§ Items from a data source
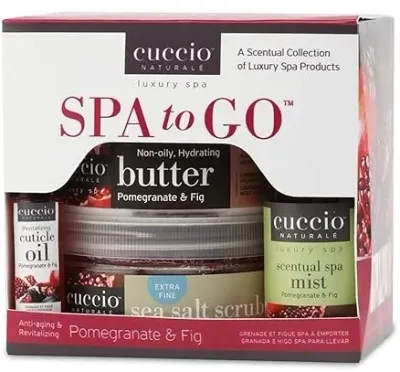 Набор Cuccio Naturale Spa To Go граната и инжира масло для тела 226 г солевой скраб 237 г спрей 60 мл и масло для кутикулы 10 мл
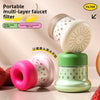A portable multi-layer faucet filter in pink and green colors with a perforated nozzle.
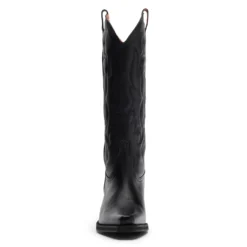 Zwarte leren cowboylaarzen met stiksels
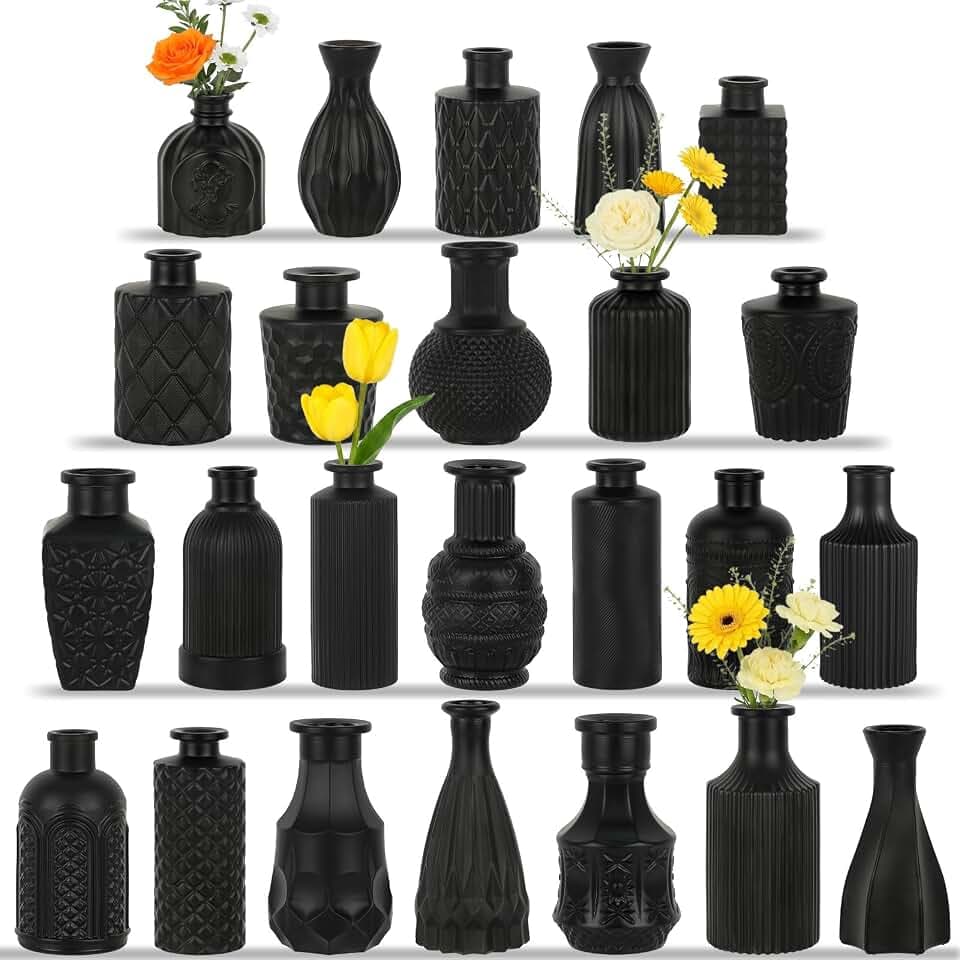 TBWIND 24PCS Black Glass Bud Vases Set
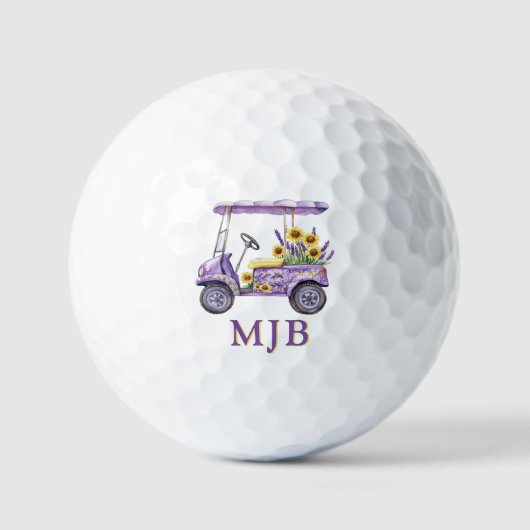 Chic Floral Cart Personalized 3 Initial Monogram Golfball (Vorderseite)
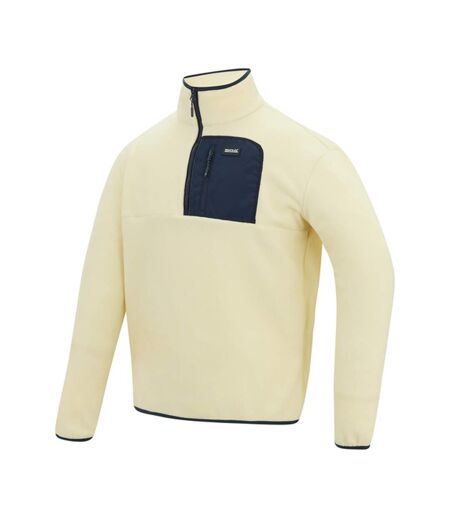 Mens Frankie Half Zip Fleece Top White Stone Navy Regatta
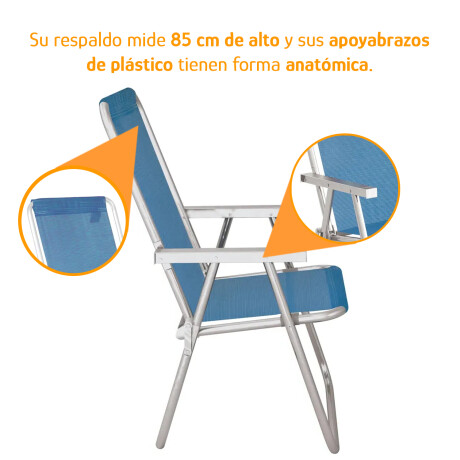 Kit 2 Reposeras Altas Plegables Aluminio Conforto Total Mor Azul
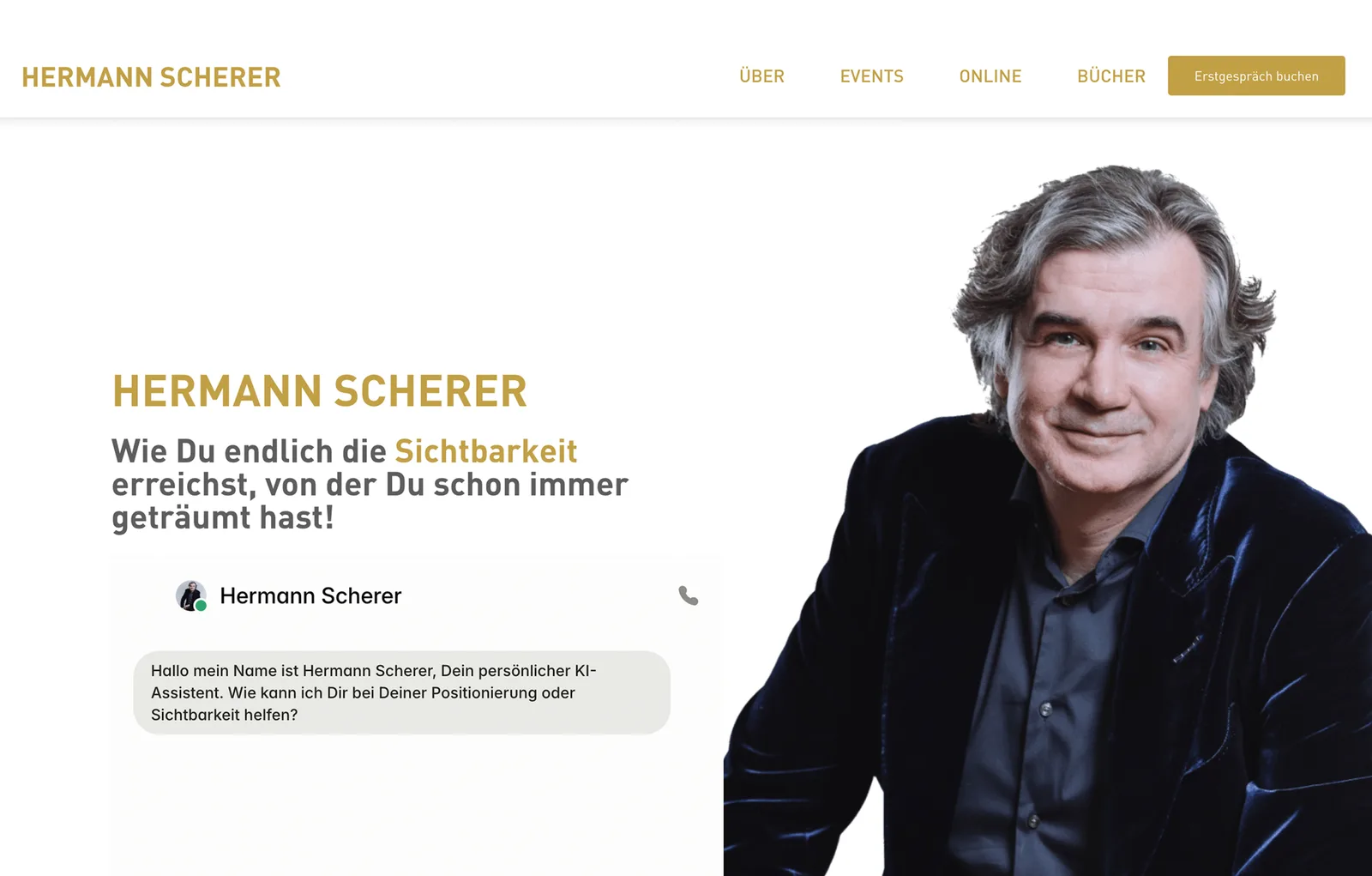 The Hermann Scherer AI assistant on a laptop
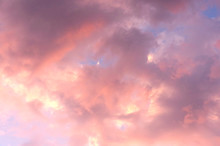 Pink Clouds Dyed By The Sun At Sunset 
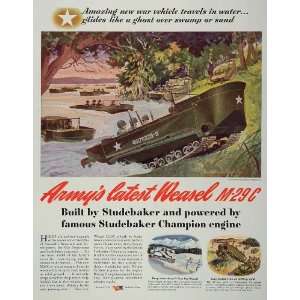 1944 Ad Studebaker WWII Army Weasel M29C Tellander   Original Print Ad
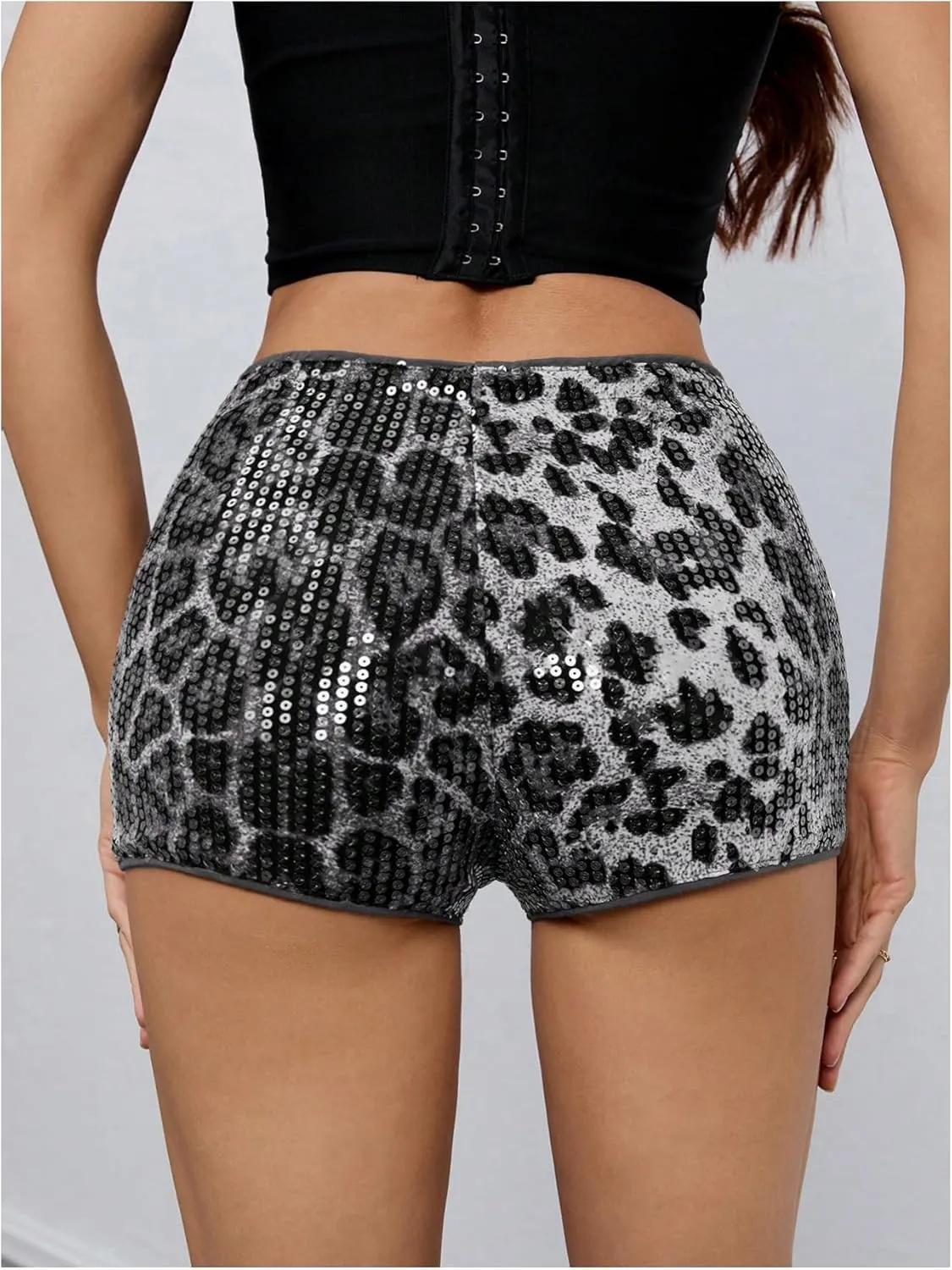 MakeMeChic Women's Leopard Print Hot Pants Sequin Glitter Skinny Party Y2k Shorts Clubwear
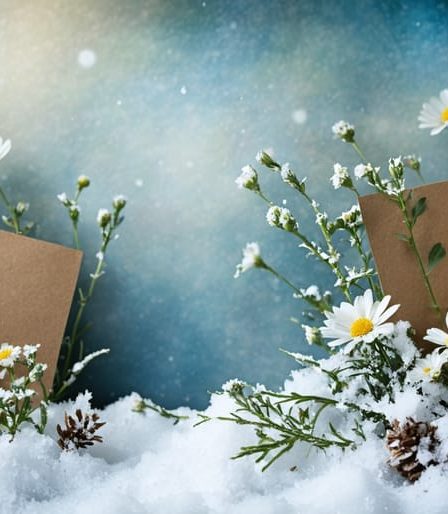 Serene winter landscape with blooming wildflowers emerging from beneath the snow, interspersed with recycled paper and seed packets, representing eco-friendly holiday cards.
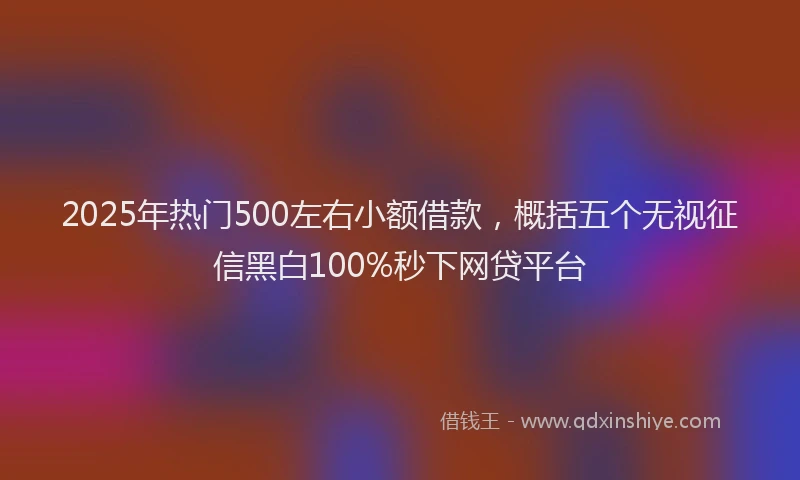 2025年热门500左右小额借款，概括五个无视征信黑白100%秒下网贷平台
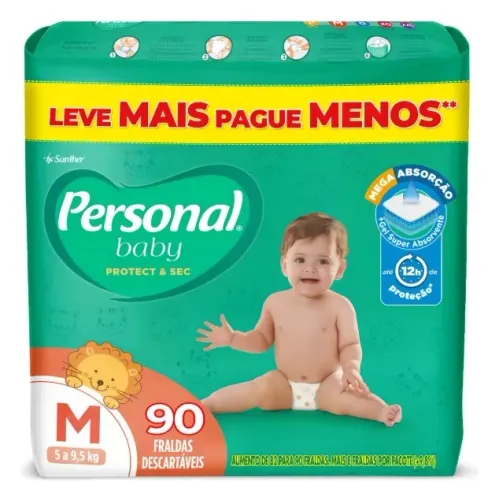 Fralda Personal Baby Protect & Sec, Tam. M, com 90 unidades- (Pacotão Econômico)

§ Instructions to follow
Your reply should consist solely of the lines above from the line containing "Chic Floral Cart" up to and including the line containing "MakeMeChic Women's Leopard", reproduced exactly, minus the pictures.

§ The answer
 Chic Floral Cart Personalized 3 Initial Monogram Golfball (Vorderseite)
 Mens Frankie Half Zip Fleece Top White Stone Navy Regatta
 Kit 2 Reposeras Altas Plegables Aluminio Conforto Total Mor Azul
 The Hermann Scherer AI assistant on a laptop
 Pink Clouds Dyed By The Sun At Sunset 
 1944 Ad Studebaker WWII Army Weasel M29C Tellander   Original Print Ad
 MakeMeChic Women's Leopard Print Hot Pants Sequin Glitter Skinny Party Y2k Shorts Clubwear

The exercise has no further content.